Using a systemic aquatic herbicide (SAH). Bushy pond weed supports the growth of algae. SAH will kill all the living bushy pond weed. This needs to be done when the weed comes out of its dormancy in late spring. While the herbicide kills all of the living weed, it does not kill the seeds. Over time, however, consistent treatment will result in a reduction of seed production and increasingly suppress weed growth in the pond.

Dying the water: Coloring the water will limit the amount of sunlight reaching the bottom, thereby reducing the photosynthesis where the algae and bushy pond weed initiate. This will be an ongoing effort as the dye will be diluted to some extent after every major rainstorm and as some dye runs over the dam.

Using a phosphate inhibitor: Phoslock is a chemical that binds to phosphorus, the key ingredient in fertilizer that washes from the golf course into the pond and fertilizes aquatic plant growth. Reducing the phosphorus will reduce aquatic growth. A target phosphorus level can be maintained through the growing season. This will be an ongoing process as the phosphorus increases every time there are significant rains.

Algae herbicide: The above tactics will reduce but not fully eliminate algae. Algae herbicide will used late in the season to manage the algae that is does manage to grow.
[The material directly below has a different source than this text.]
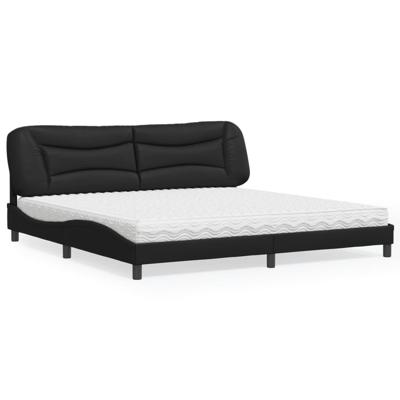 Bed met matras "Hvar" kunstleer zwart 200x200 cm
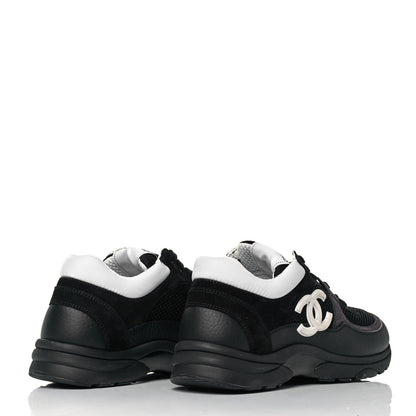 Chanel Mesh Suede Grained Calfskin Womens CC Sneakers 39.5 Black White 4 of 7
Tilapia: Tilapia is an algae eater and can be stocked each year (they die off in the winter). This is an opportunity, but one problem is that bass eat Tilapia and there is a significant bass population in the 6th hole pond. It was suggested that we may want to encourage the local fishermen to not release the bass back into the 6th hole pond after a catch.

Mechanical aeration or surface turbulence: We are still investigating the possibility of devices air and agitation.

Beneficial bacteria: We are still investigating introducing beneficial bacteria to decompose organic matter and deepen the pond. 

All of the above tactics are safe for the current wildlife. Unfortunately, the organic options are limited at this stage of the eutrophication of the pond is advanced. Dredging is necessary to re-balance the ecosystem. 

Special thanks to Dennis Bellotto, Casey Bergen, Brad and Mary Louise Binning, Major Robert Ponte', Bill and Sheryl Rogers, Laura Samford, Suzanne Scott, and Jeff Steele for their help in this effort.